4. Capacity, rate limits & quotas (extends M25, M29)

M25 made each request cheaper; capacity planning asks whether the system survives many requests at once. Three levers: rate limits (cap requests per user/key per minute, so one client cannot starve the rest), quotas (a budget per tenant per day, so cost cannot run away), and concurrency limits (how many in-flight requests a replica handles before you add replicas, M29). You also live inside your provider's rate limits, so production code handles a 429 with backoff (M22) and sheds or queues load rather than hammering. Capacity is where cost (M25), reliability (M22), and deployment (M29) meet.

5. Continuous improvement from postmortems & evals (extends M30, M31, M26)

The point of operations support is not heroics during an incident, it is that the system gets more reliable over time. Every incident postmortem (M31) and every piece of user feedback (M30) should leave behind a concrete change: a new regression eval (M26), a tightened alert, a new runbook step, a fixed class of bug. This is the data flywheel (M30) aimed at reliability instead of model quality: real failures become permanent guards. A team that only firefights faces the same fires forever; a team that closes the loop watches its incident rate fall.

Why operations support is the right place to end

The course began by insisting the hard part of AI engineering is the engineering, not the AI. Part E is the sharpest form of that lesson: none of the operations safeguards are about machine learning, they are about running software that real people depend on.
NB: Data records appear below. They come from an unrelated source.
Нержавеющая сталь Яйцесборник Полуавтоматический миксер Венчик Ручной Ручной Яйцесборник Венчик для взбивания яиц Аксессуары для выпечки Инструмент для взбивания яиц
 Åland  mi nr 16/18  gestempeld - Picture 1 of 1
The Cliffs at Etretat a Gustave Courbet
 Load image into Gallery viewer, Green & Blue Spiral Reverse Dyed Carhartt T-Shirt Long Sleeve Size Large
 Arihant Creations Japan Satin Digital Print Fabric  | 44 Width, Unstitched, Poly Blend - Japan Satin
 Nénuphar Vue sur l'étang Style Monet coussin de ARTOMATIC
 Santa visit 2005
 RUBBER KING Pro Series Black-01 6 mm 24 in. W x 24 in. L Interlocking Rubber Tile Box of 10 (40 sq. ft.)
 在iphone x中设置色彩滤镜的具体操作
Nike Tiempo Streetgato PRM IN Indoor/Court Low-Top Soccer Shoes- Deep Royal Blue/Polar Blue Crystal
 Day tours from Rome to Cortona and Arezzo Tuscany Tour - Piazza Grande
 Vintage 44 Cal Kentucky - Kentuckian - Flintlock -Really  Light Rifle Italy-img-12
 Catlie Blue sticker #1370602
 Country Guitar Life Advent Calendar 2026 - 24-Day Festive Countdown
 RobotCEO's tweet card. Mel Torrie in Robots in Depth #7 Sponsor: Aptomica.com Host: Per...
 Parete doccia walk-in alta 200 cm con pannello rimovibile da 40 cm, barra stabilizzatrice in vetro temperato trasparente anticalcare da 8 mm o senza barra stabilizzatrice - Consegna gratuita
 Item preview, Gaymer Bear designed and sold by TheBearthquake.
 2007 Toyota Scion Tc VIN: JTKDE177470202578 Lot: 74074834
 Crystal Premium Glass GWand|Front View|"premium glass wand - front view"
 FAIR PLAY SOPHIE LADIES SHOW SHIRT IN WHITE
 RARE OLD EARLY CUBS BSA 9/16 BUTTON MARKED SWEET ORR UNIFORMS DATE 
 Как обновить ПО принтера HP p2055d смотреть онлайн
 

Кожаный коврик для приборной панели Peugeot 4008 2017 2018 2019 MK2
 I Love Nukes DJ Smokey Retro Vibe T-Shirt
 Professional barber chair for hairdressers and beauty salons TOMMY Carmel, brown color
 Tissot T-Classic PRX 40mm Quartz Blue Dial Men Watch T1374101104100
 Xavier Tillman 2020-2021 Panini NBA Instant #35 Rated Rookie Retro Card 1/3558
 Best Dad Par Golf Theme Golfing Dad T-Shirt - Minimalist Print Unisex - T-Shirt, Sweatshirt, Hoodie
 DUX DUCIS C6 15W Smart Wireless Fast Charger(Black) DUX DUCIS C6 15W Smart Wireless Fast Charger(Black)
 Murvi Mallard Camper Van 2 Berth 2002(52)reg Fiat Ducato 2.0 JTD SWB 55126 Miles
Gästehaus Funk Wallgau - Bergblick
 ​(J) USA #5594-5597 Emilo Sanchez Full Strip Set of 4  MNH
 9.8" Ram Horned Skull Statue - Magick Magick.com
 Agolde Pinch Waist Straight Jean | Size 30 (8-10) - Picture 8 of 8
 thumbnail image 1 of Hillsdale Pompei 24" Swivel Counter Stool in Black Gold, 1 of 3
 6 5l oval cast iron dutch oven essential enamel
An AI feature that impresses in a demo but pages someone every night, leaks data through a stale index, or ships a regression to everyone is not finished. Operations support is what turns "it works on my machine" into "it works for everyone, keeps working, and gets safer every week." That is what it means to truly ship.

Words you will hear

Operator vs builder, LLMOps / AgentOps / AIOps, the operations lifecycle (deploy → observe → respond → improve), structured logging / log correlation, dashboard / the four golden signals (latency, traffic, errors, saturation), online evaluation, rate limit / quota / concurrency limit, continuous improvement / the reliability flywheel, toil. The hands-on terms are in M31–M34; full definitions in the glossary.